Retype the listing below line for line, but only from the line with "-香丰阁·烤鸭·川湘菜(清河店)" down to the line with "430853 SOFT 7 W EK NIGHT SKY LEATHER", inclusive. Pictures stay out.

## INFORMATION PROVIDED
::::::
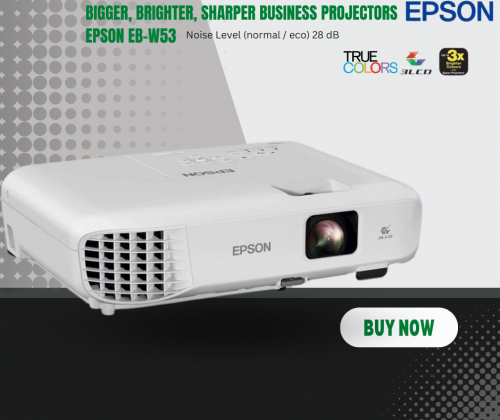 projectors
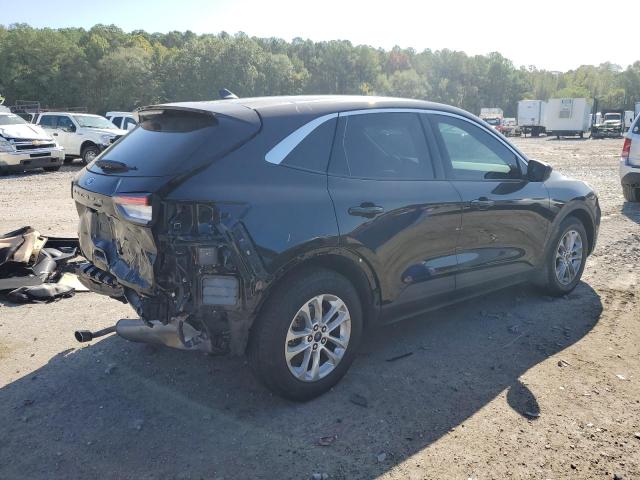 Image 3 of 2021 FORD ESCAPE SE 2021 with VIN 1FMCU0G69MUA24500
::::::
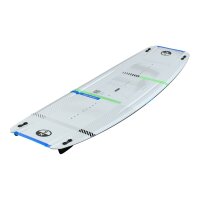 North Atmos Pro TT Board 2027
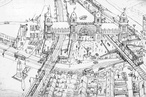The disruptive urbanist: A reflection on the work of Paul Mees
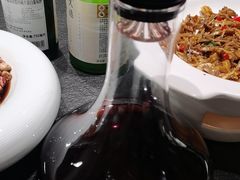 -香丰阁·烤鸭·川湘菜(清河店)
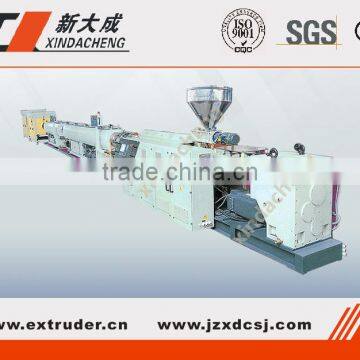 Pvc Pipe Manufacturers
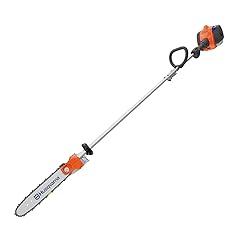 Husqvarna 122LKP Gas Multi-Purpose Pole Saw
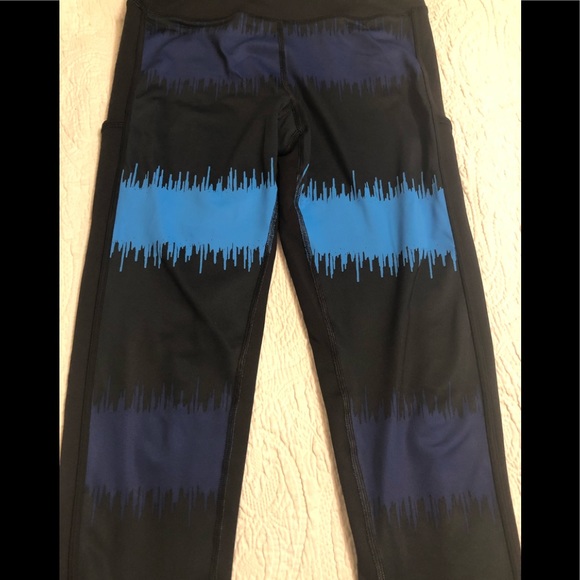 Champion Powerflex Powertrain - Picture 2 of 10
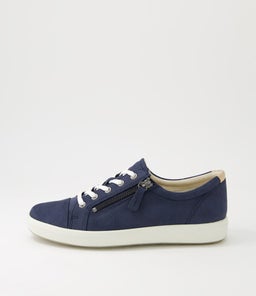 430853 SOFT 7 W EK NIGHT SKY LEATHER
::::::
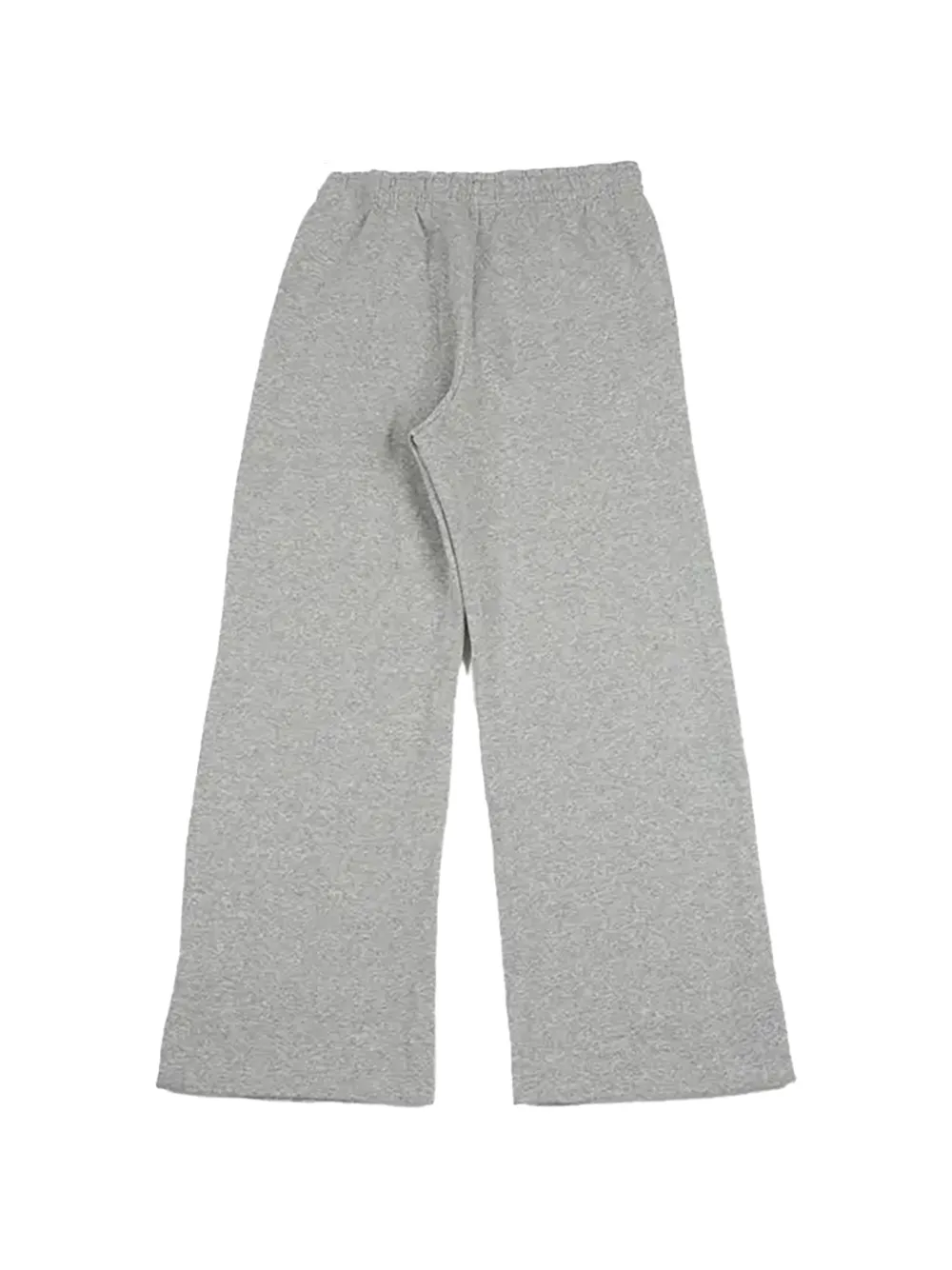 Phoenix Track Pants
::::::
## ANSWER SECTION
 -香丰阁·烤鸭·川湘菜(清河店)
 Pvc Pipe Manufacturers
 Husqvarna 122LKP Gas Multi-Purpose Pole Saw
 Champion Powerflex Powertrain - Picture 2 of 10
 430853 SOFT 7 W EK NIGHT SKY LEATHER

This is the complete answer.